** What is being asked **
Leave out every picture, and output exactly the lines from the line containing "秋に向けてエレンのようなオールバックヘアスタイル！！" through the last line of the data.

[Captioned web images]
--- START ---

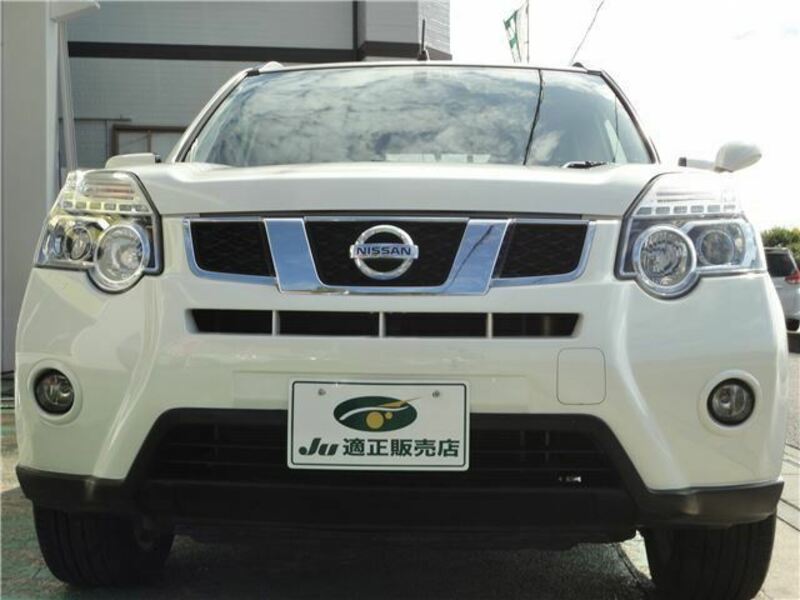 X-TRAIL-1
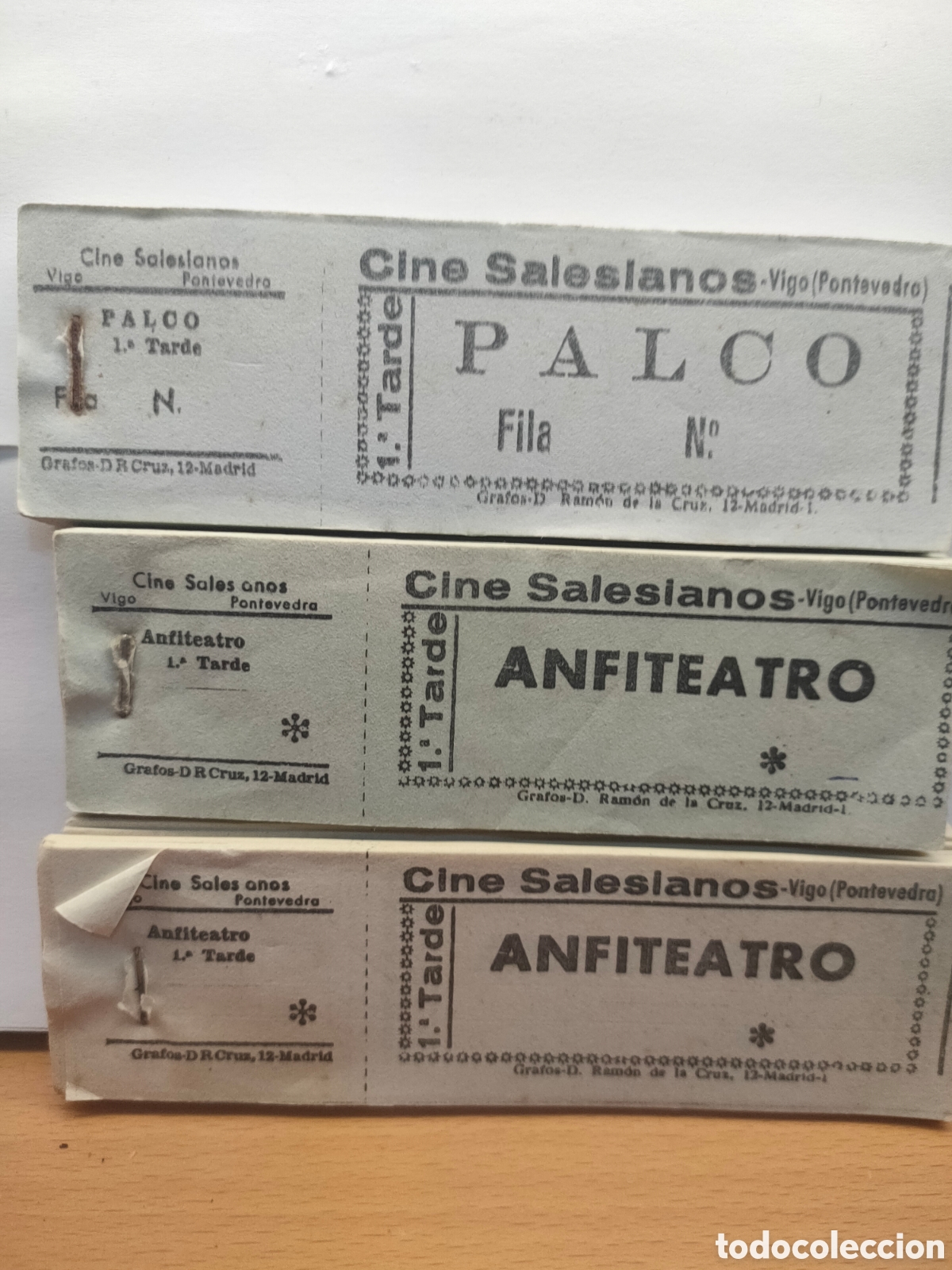 Otros Art&iacute;culos de Coleccionismo en Papel: 3 tacos de entradas Cine salesianos (Vigo). A&ntilde;os 80 .Anfiteatro y palco.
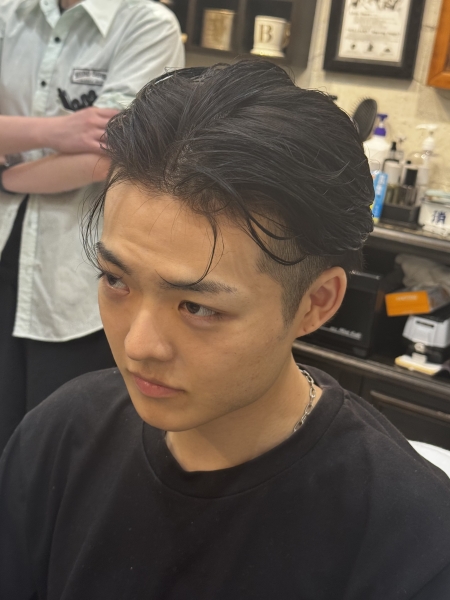 秋に向けてエレンのようなオールバックヘアスタイル！！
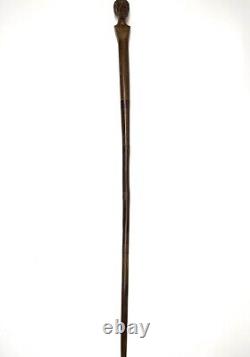 Canne / bâton de marche en bois sculpté à la main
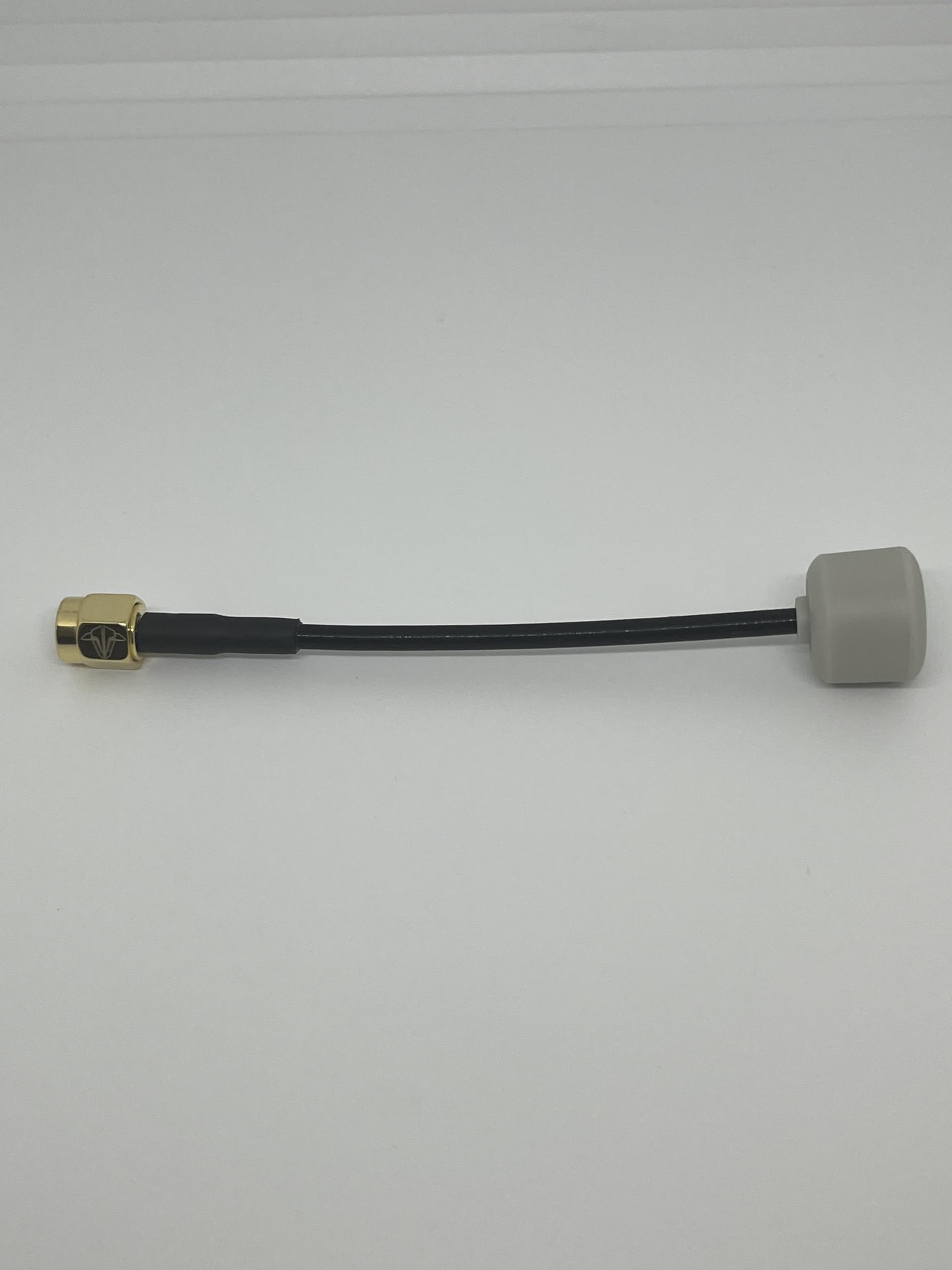 Antenne TBS Triumph Pro 5,8 GHz LHCP SMA – Gain 1,6 dBic, rapport axial de 0,99, antenne de drone FPV compacte, design résistant aux chocs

--- END ---

** Completed exercise **
 秋に向けてエレンのようなオールバックヘアスタイル！！
 Canne / bâton de marche en bois sculpté à la main
 Antenne TBS Triumph Pro 5,8 GHz LHCP SMA – Gain 1,6 dBic, rapport axial de 0,99, antenne de drone FPV compacte, design résistant aux chocs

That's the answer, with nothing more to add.